» **Try it**
Below are entries. Reproduce exactly the lines between the line holding "cani-rando monts du lyonnais" and the line holding "Bed and Breakfast", inclusive, and only those.

» **Supplied records**
[Start of Attachment]

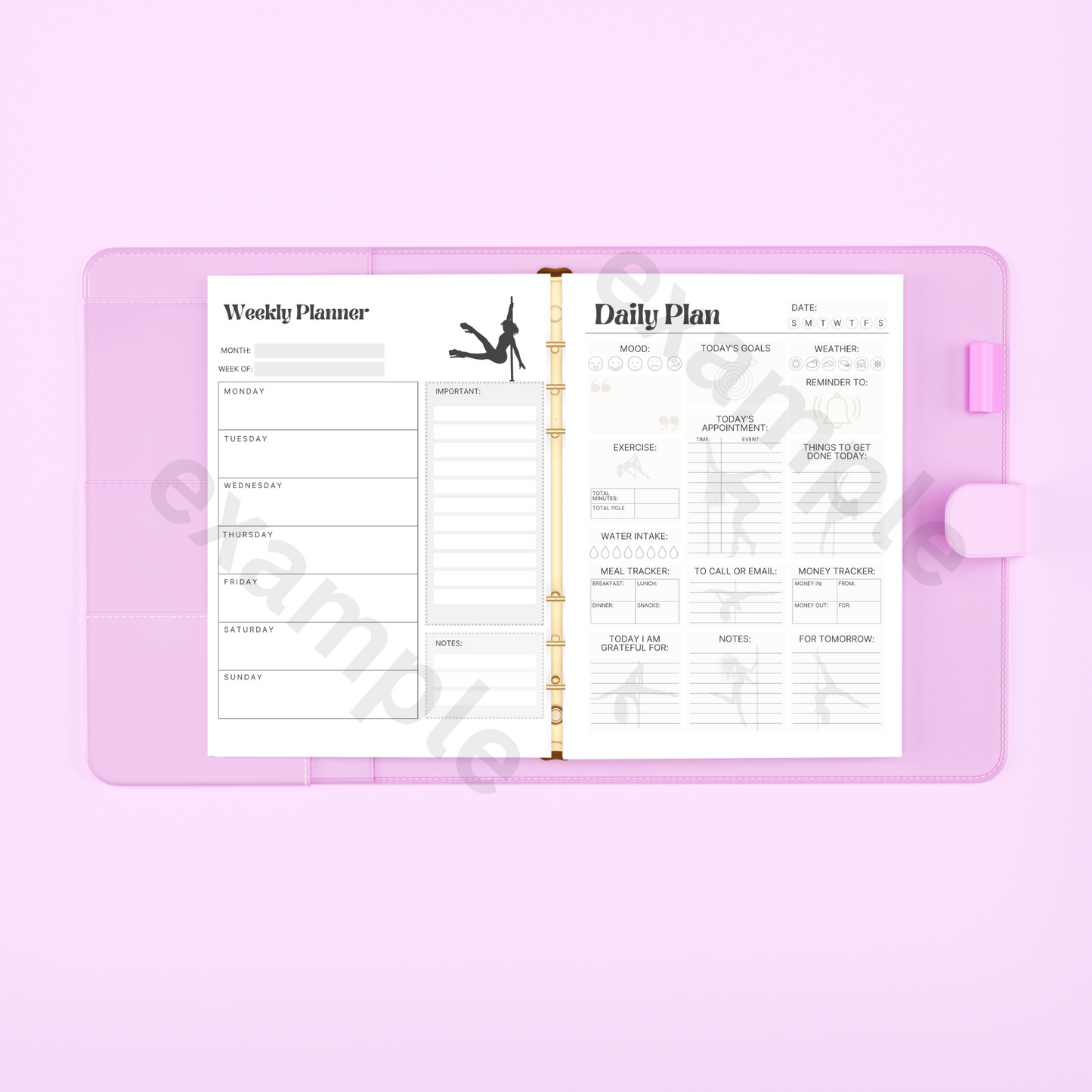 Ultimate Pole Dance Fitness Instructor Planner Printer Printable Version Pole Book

[End of Attachment]
[Start of Attachment]

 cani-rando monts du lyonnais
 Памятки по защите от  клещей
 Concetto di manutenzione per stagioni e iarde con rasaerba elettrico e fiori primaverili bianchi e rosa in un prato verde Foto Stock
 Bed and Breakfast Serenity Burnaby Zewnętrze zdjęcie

[End of Attachment]

» **Your solution**
 cani-rando monts du lyonnais
 Памятки по защите от  клещей
 Concetto di manutenzione per stagioni e iarde con rasaerba elettrico e fiori primaverili bianchi e rosa in un prato verde Foto Stock
 Bed and Breakfast Serenity Burnaby Zewnętrze zdjęcie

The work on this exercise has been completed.